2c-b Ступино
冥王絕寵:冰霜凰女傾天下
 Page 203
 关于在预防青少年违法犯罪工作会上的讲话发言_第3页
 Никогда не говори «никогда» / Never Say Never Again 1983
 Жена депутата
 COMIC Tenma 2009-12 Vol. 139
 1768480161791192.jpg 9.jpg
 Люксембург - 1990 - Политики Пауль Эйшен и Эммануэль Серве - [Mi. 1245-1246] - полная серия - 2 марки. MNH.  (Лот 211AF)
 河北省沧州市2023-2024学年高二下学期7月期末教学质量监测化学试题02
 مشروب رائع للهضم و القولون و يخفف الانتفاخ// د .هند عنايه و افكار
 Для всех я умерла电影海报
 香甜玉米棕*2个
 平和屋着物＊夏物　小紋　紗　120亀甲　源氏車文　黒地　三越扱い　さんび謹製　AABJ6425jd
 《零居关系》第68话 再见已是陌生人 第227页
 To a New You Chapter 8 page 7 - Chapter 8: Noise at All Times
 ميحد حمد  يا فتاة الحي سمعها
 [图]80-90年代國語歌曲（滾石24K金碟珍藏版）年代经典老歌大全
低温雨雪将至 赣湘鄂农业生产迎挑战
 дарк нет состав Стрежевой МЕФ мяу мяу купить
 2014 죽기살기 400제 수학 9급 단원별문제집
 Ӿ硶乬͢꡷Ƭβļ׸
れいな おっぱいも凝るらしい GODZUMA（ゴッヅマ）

++++++++++

Instructions for the task: The line containing "河北省沧州市2023-2024学年高二下学期7月期末教学质量监测化学试题02" marks the start. Repeat it and every line after it to the end of the listing above, exactly.

Exercise result:
 河北省沧州市2023-2024学年高二下学期7月期末教学质量监测化学试题02
 مشروب رائع للهضم و القولون و يخفف الانتفاخ// د .هند عنايه و افكار
 Для всех я умерла电影海报
 香甜玉米棕*2个
 平和屋着物＊夏物　小紋　紗　120亀甲　源氏車文　黒地　三越扱い　さんび謹製　AABJ6425jd
 《零居关系》第68话 再见已是陌生人 第227页
 To a New You Chapter 8 page 7 - Chapter 8: Noise at All Times
 ميحد حمد  يا فتاة الحي سمعها
 [图]80-90年代國語歌曲（滾石24K金碟珍藏版）年代经典老歌大全
低温雨雪将至 赣湘鄂农业生产迎挑战
 дарк нет состав Стрежевой МЕФ мяу мяу купить
 2014 죽기살기 400제 수학 9급 단원별문제집
 Ӿ硶乬͢꡷Ƭβļ׸
れいな おっぱいも凝るらしい GODZUMA（ゴッヅマ）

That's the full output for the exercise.